5. En deuxième lieu, le déféré présenté par la préfète de l’Ardèche conclut, contrairement à ce que soutient M. C…, à la suspension de l’exécution de l’arrêté du 24 janvier 2025, ainsi que cela ressort notamment de l’objet de la demande intitulé « référé-suspension à l’encontre du permis d’aménager n° 0733024G0005 délivré le 24 janvier 2025 à M. A… C… par le maire de Vallon-Pont-d’Arc au nom de la commune ».
6. En dernier lieu, il résulte des dispositions de l’article R. 414-4 du code de justice administrative que la transmission d’une requête ou d’un mémoire par l’intermédiaire de l’application Informatique Télérecours vaut signature pour l’application des dispositions du code de justice administrative. Par suite, alors, d’une part, que le déféré de la préfète de l’Ardèche a été enregistré au tribunal le 24 juillet 2025 par l’intermédiaire de l’application Télérecours et, d’autre part, que la préfète a produit la délégation de signature consentie le 28 mars 2025 à M. John Benmussa, secrétaire général de la préfecture, pour signer les requêtes présentées devant la juridiction administrative, le déféré de la préfète de l’Ardèche, alors même qu’il n’a pas fait l’objet d’une signature manuscrite, est recevable.

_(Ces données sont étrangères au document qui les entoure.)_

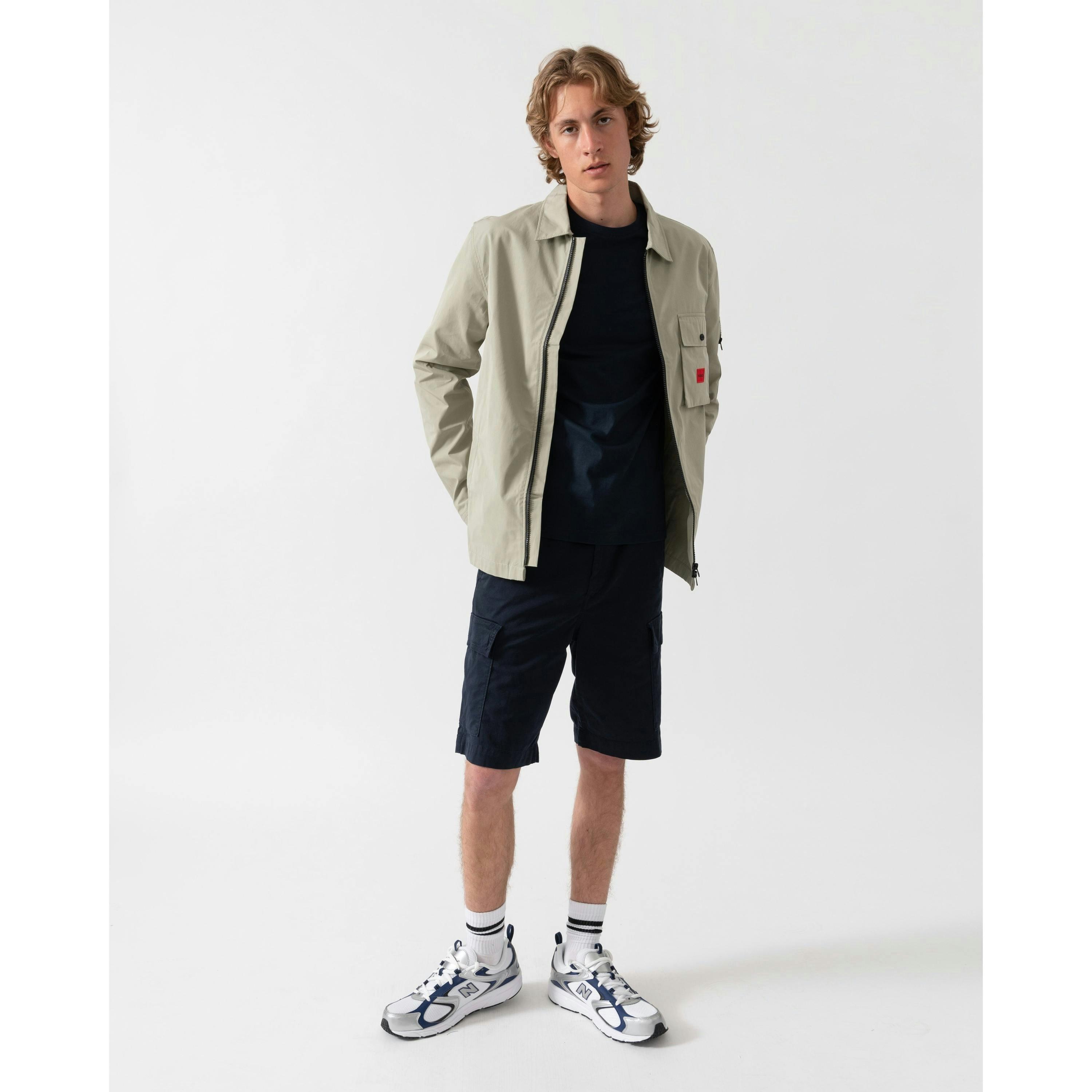 Hugo Boss Overshirts  in Grey , view 4 of 4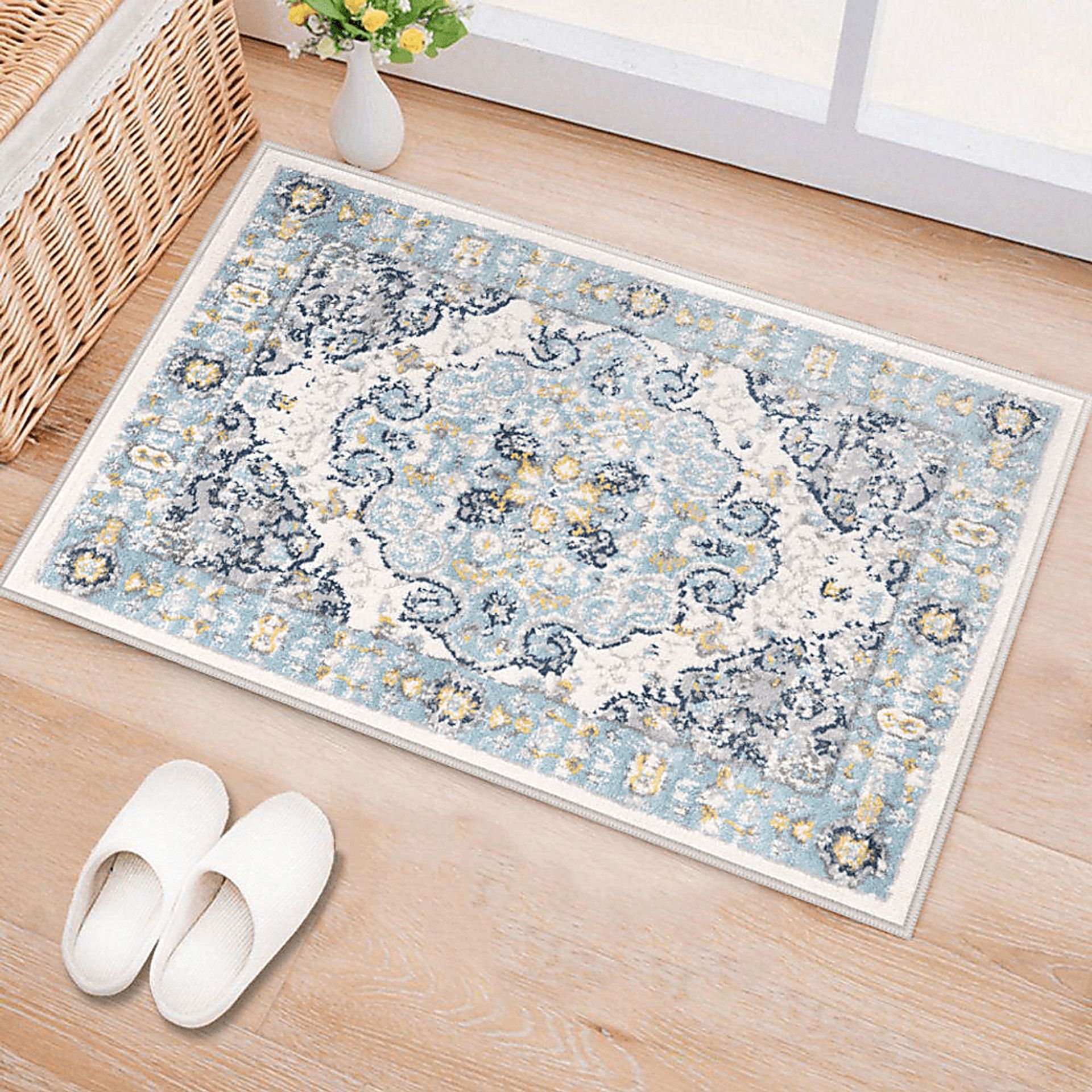 Verlee Cream 2' x 3' Rug - Image 2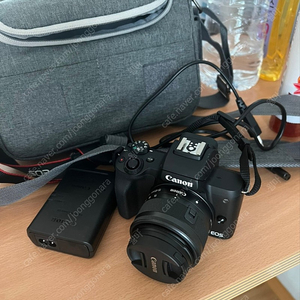 캐논 EOS M50 Mark II 및 HG-100TBR 삼각대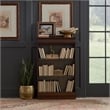 Brayton Manor Dark Brown Jr Executive 48 Inch Bookcase (RTA)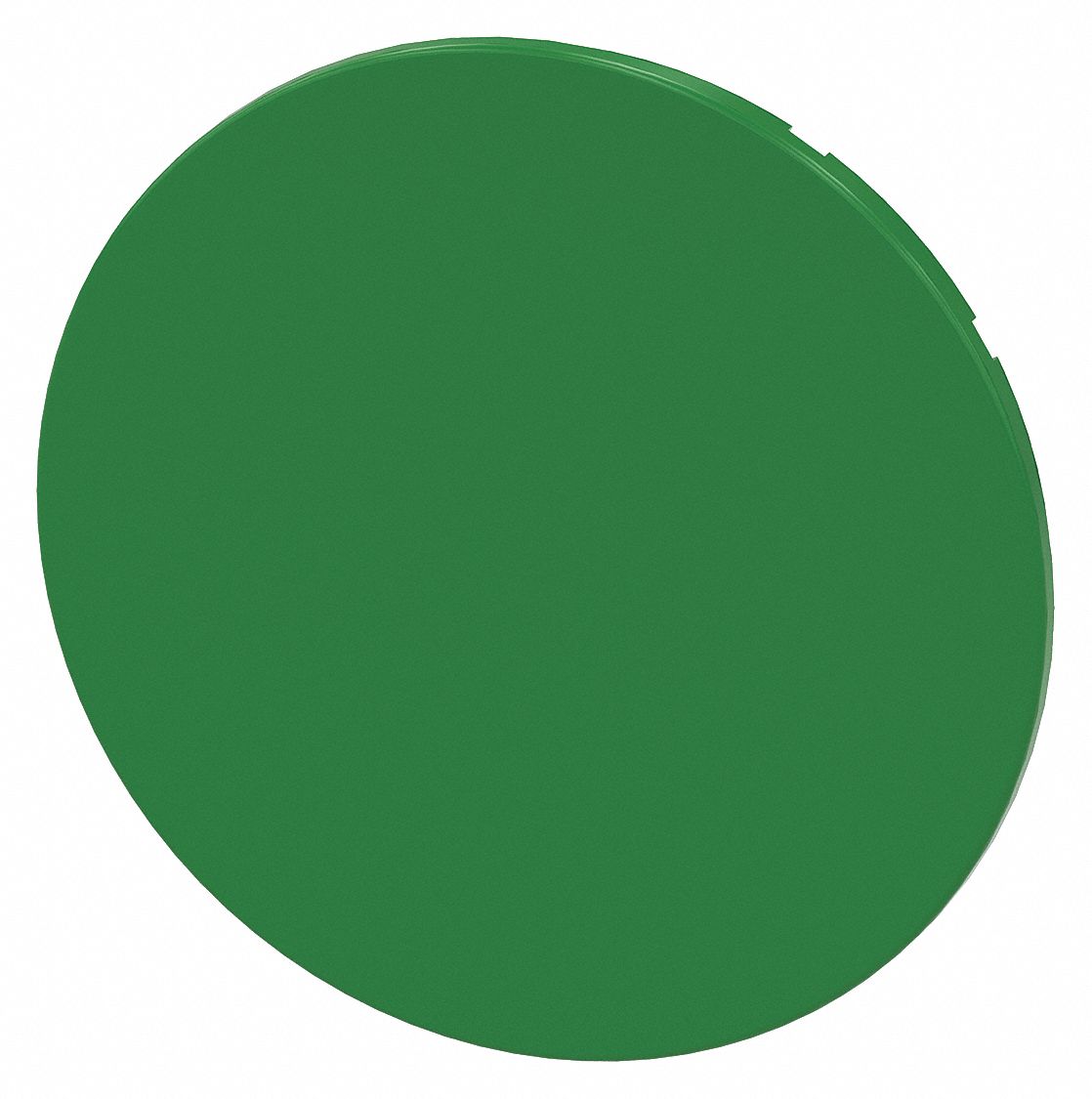 Push Button Head,  24mm,  Green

Sur le moyen propre à créer un doute sérieux :
7. En l’état de l’instruction, le moyen tiré de ce que le maire de Vallon-Pont-d’Arc a commis une erreur manifeste d’appréciation en n’opposant pas de sursis à statuer à la demande de permis d’aménager de M. C… en application de l’article L. 153-11 du code de l’urbanisme paraît propre à créer un doute sérieux quant à la légalité du permis d’aménager.
8. Il résulte de ce qui précède que le préfet de l’Ardèche est fondé à soutenir que c’est à tort que, par l’ordonnance attaquée, le juge des référés du tribunal administratif de Lyon a rejeté sa demande de suspension de l’exécution du permis d’aménager accordé le 24 janvier 2025 et, par suite, à demander que cette ordonnance soit annulée et que la suspension de l’exécution du permis d’aménager soit prononcée.

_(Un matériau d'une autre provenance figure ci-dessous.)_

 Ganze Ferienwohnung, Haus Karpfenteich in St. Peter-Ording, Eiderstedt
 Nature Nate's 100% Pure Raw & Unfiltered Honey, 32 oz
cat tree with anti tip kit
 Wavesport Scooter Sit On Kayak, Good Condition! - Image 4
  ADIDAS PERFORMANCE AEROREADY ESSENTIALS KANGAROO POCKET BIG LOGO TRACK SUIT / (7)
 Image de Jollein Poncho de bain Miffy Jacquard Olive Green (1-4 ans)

Sur les frais de l’instance :
9. Les dispositions de l’article L. 761-1 du code de justice administrative font obstacle à ce qu’il soit mis à la charge de l’Etat la somme que demandent la commune de Vallon-Pont-d’Arc d’une part, et M. C…, d’autre part, l’Etat n’étant pas partie perdante.
ORDONNE :
Article 1er : L’ordonnance n° n° 2509370 du juge des référés du tribunal administratif de Lyon du 13 août 2025 est annulée.
Article 2 : L’exécution du permis d’aménager délivré à M. C… le 24 janvier 2025 par le maire de Vallon-Pont-d’Arc est suspendue.
Article 3 : Les conclusions présentées par la commune de Vallon-Pont-d’Arc et M. C… tendant à l’application de l’article L. 761-1 du code de justice administrative sont rejetées.
Article 4 : La présente ordonnance sera notifiée au préfet de l’Ardèche, à la commune de Vallon-Pont-d’Arc et à M. A… C…. Copie sera adressée au ministre de l’aménagement du territoire et de la décentralisation.
La juge des référés,
A.-G. Mauclair
La République mande et ordonne au ministre de l’aménagement du territoire et de la décentralisation en ce qui le concerne ou à tous commissaires de justice à ce requis en ce qui concerne les voies de droit commun contre les parties privées, de pourvoir à l’exécution de la présente décision.